The corruption-plagued SNC-Lavalin Group Inc., Canada’s largest construction and engineering firm, announced that it has hired a new chief compliance officer to replace Andreas Pohlmann, who will become a consultant on June 1.

Replacing Pohlmann will be David Wilkins, who for the past six years headed compliance at the Dow Chemical Company. Wilkins, who will report to SNC’s chief executive officer, also is former general counsel of the Dow subsidiary Union Carbide Corporation and ex–chief diversity officer of the American Red Cross.

“Having witnessed the rapid progress SNC-Lavalin has made over the past year to strengthen its ethics and compliance framework, I am thrilled to be on board,” Wilkins said in a statement. “SNC-Lavalin’s employees have shown the world that they have turned the page.”

Montreal-based SNC hired Pohlmann in March 2013 to help it reform a compliance-challenged company humiliated by corruption probes and lawsuits. Pohlmann, who was not immediately available for comment, is a veteran compliance expert from Germany who was hired by engineering giant Siemens AG to reform its programs after its own bribery scandal in 2008.

SNC needed similar help.
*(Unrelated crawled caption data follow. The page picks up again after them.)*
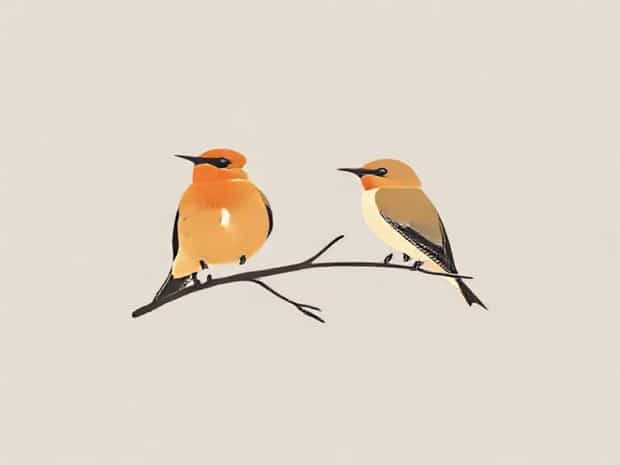 Male And Female Cedar Waxwing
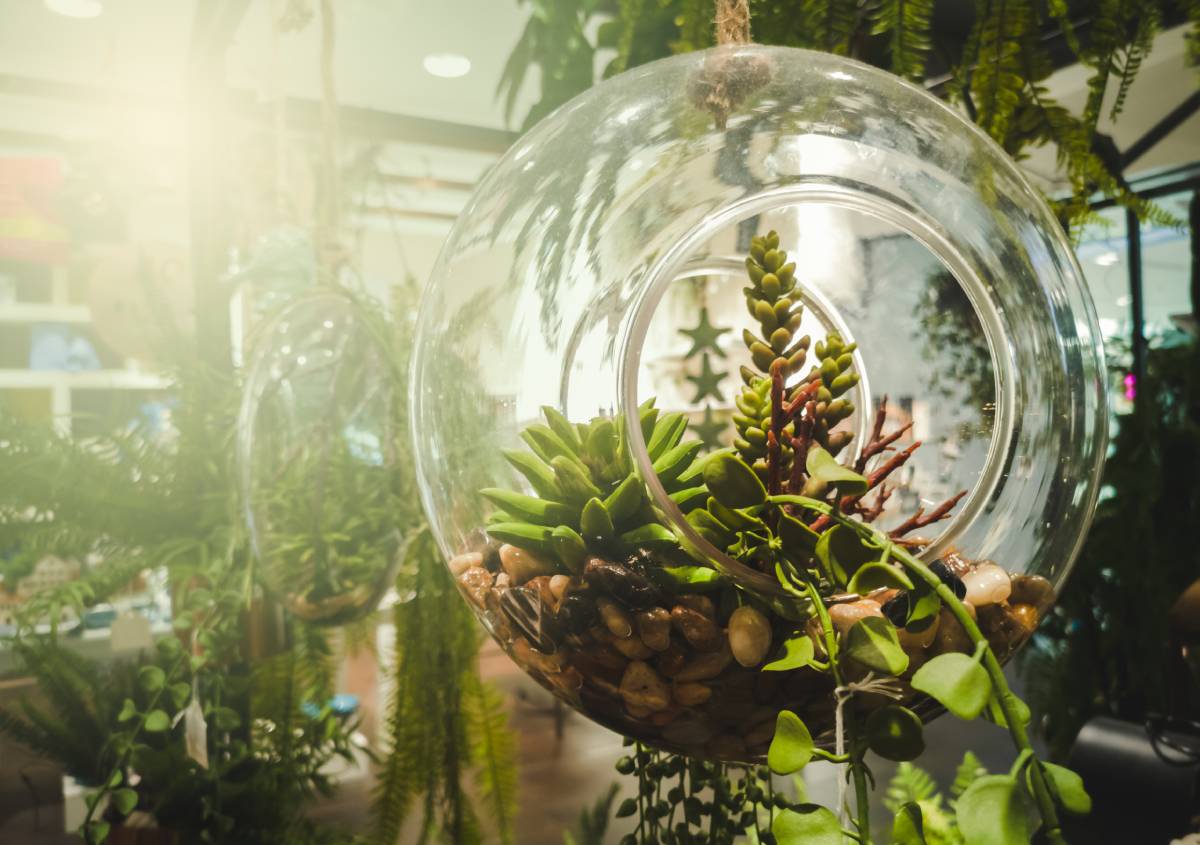 Design biofilico e luce naturale il segreto per una casa sostenibile, innovativa e rigenerante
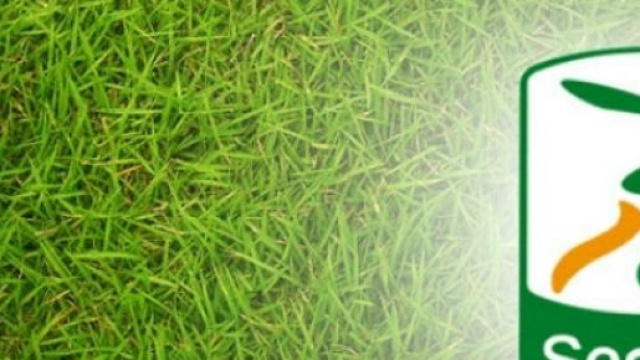 Italia - Serie B 2014-2015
After a lengthy probe, last April the World Bank Group debarred SNC and 100 of its affiliates from participating in bank-financed projects because of bribes paid on World Bank–backed projects in Bangladesh and Cambodia.

In his time at SNC, Pohlmann told Corporate Counsel magazine that he centralized the compliance efforts into one global department, helped change the “tone at the top” to support compliance efforts, implemented massive training programs, and instituted due diligence procedures and other investigative processes to probe any hint of wrongdoing.

In his new job as a consultant, SNC said Pohlmann would work closely with Wilkins and have “a strategic focus on ongoing World Bank compliance initiatives.”

Satisfying the terms of the World Bank’s debarment agreement is crucial to SNC for several reasons. First, the debarment can be reduced to eight years if the companies comply with all conditions of the deal.

Second, the remainder of SNC subsidiaries not debarred could still be excluded from World Bank contracts if they fail to comply with the terms.

But perhaps most important, compliance carries global economic consequences for the company. That’s because more than just World Bank projects are at stake.

The World Bank exclusion marked SNC for cross-debarment by other multilateral development banks (MDBs) under the 2010 “Agreement on Mutual Enforcement of Debarment Decisions” [PDF]. Under that agreement entities debarred by one MBD, such as the World Bank, may be sanctioned for the same misconduct by the others.

The mutual enforcement agreement was signed by the African Development Bank Group, the Asian Development Bank, the European Bank for Reconstruction and Development and the Inter-American Development Bank Group, as well as by the World Bank.

SNC’s debarment is the longest ever imposed by a World Bank settlement. The embarrassment, and ensuing international criticism, inspired Canada’s Parliament to pass amendments toughening the country’s anticorruption law.